Content starts

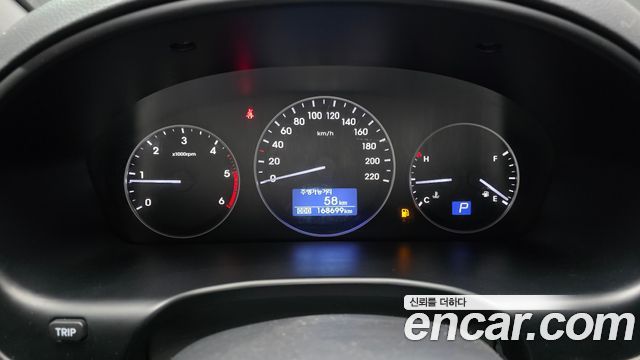 Hyundai Starex 2019 — photo 8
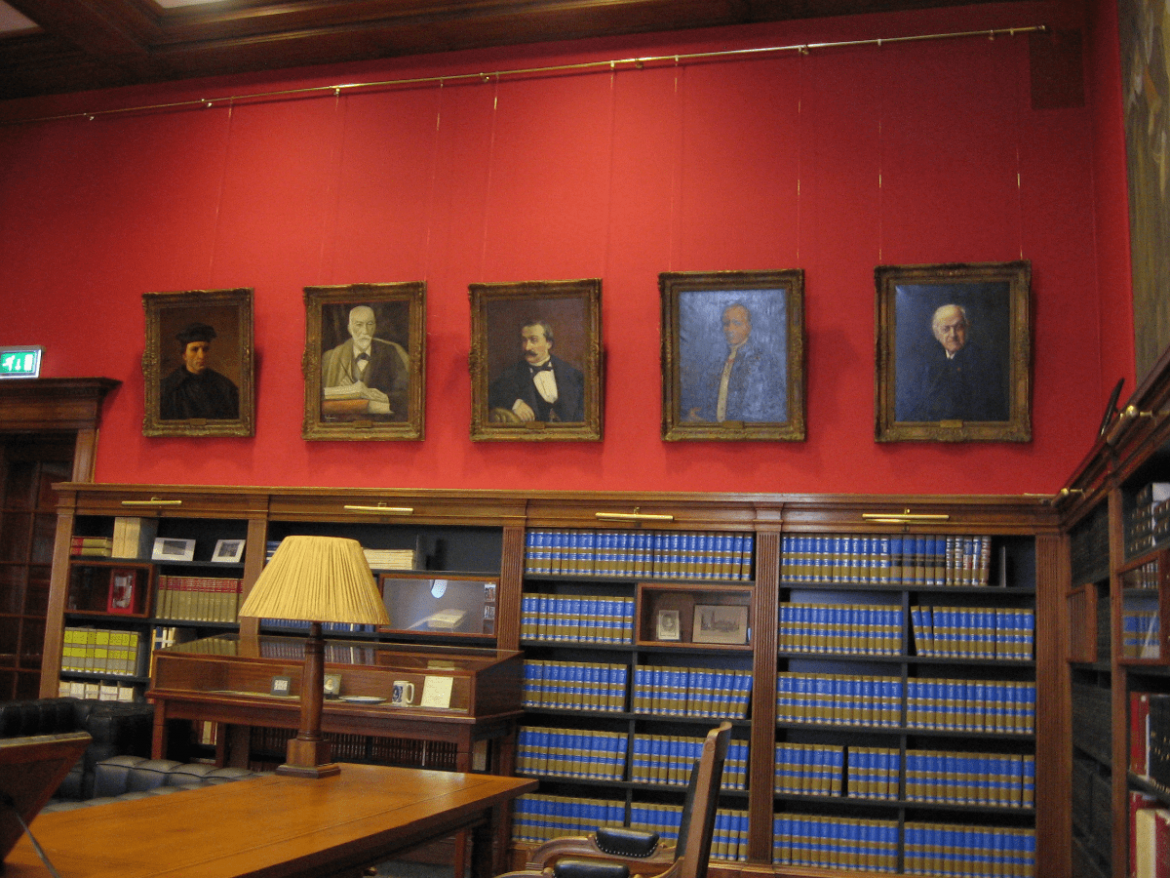 Peace_Palace_Library-min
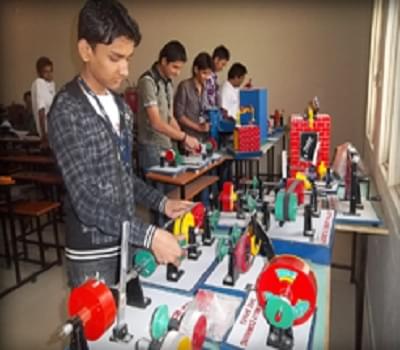 Vidhyadeep Institute of Management and Technology Surat Labs photo 4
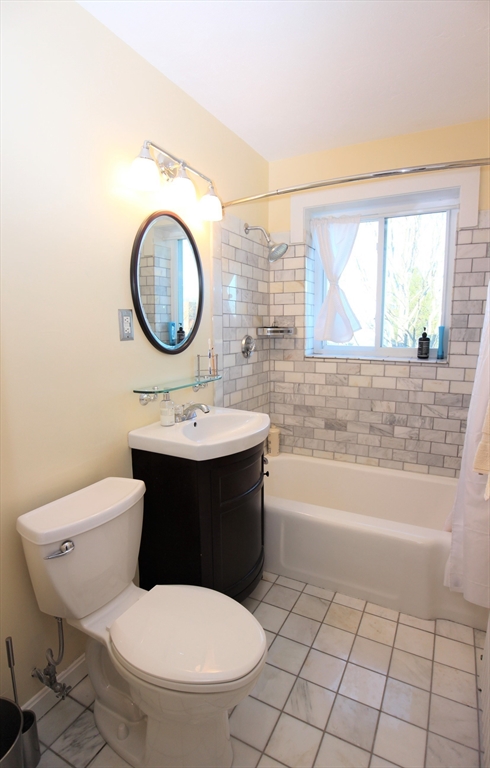 125 Pleasant St, Arlington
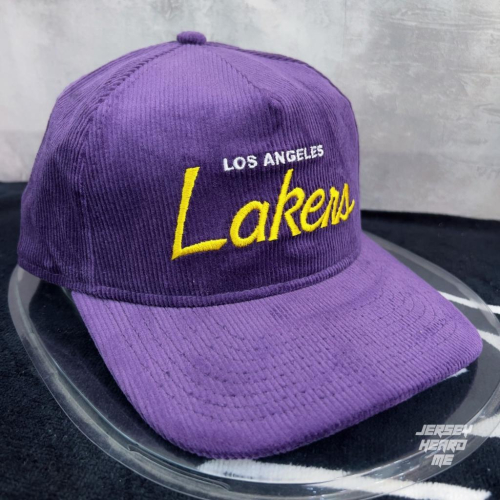 【球衣藏家】New Era Lakers 復古紫 草寫 燈芯絨 可調式 後扣帽 NBA Snapback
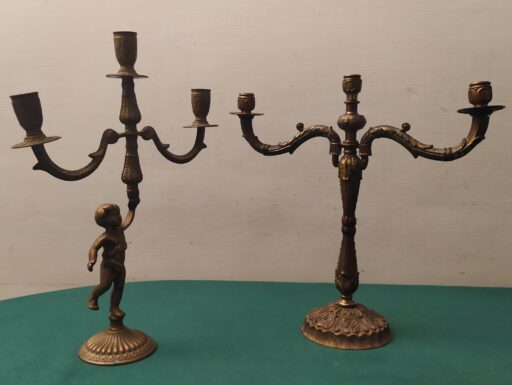 Candelabri ottone lavorati a sbalzo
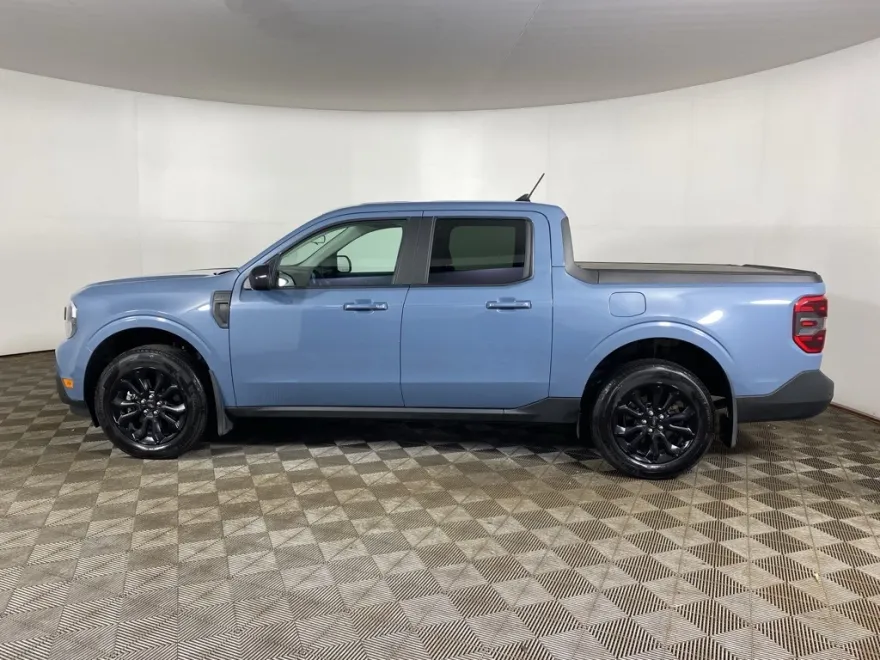 2024 Ford Maverick Lariat photo 1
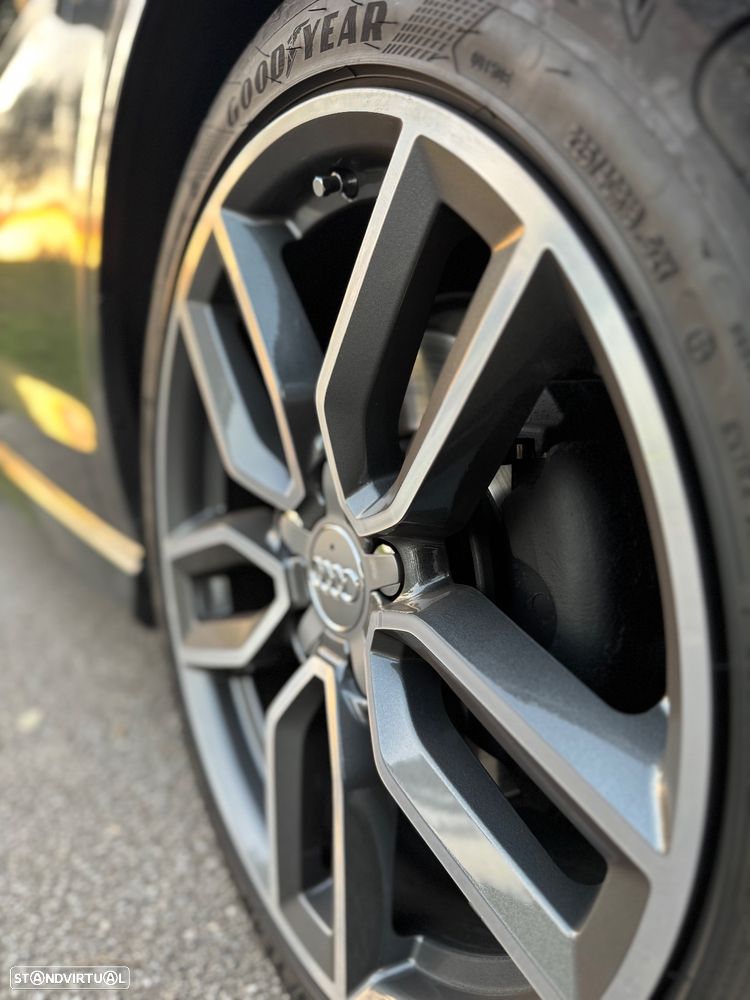 Audi A3 Cabrio 2.0 TDI S tronic (clean diesel) S line Sport Pack - 9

Content ends

What you are asked to do
From the line containing "2024 Ford Maverick Lariat photo 1" down to the final line of the material above, reproduce each line exactly and include no images.

Reply to the exercise
 2024 Ford Maverick Lariat photo 1
 Audi A3 Cabrio 2.0 TDI S tronic (clean diesel) S line Sport Pack - 9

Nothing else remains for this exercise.